The largest crystals on Earth can be found in a cave in Mexico, buried 300 meters (about 1,000 feet) below ground. The biggest of these giants is about as long and wide as a school bus. These crystals crisscross within the cavern. They look like translucent white trees that have fallen in an alien forest. Smaller ones cluster like mineral bushes on the walls and floor.

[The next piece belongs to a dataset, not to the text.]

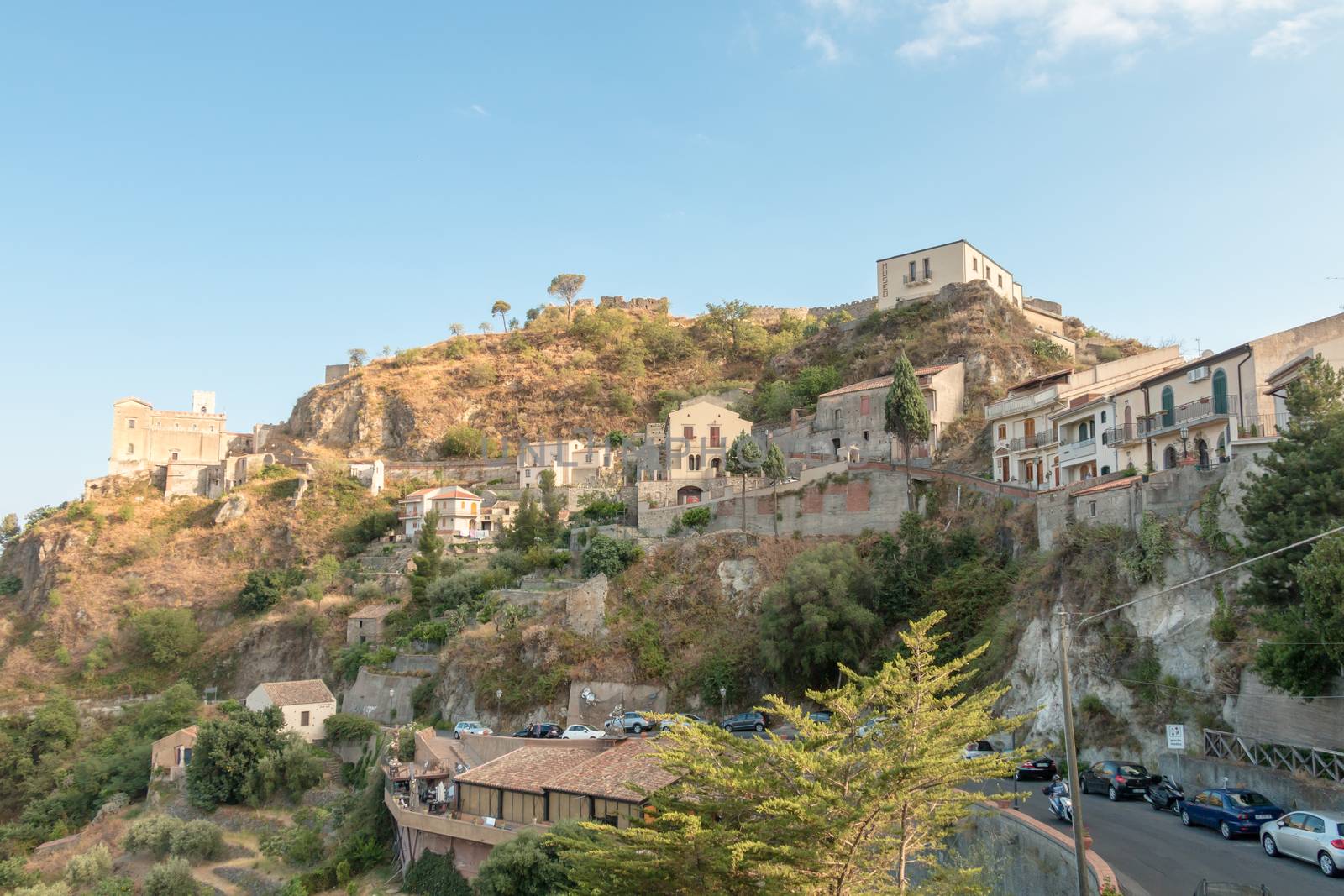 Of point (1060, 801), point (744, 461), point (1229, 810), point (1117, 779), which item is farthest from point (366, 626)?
point (1229, 810)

This is the Cave of Crystals, and it might be one of the most beautiful spots on Earth. It’s not the most comfortable, though. Temperatures here soar to 58° Celsius (136° Fahrenheit). Humidity hovers around 90 percent. People who enter the cave risk heatstroke. They must wear protective suits just to avoid suffocating. Thieves have died trying to steal slivers of the crystals.
The dazzling cave might seem like the last place on Earth to look for life. But it doesn’t seem that way to Penelope Boston. She’s a speleologist (SPEE-lee-OL-uh-gizt) — a scientist who studies caves. And her specialty is life existing in extreme environments.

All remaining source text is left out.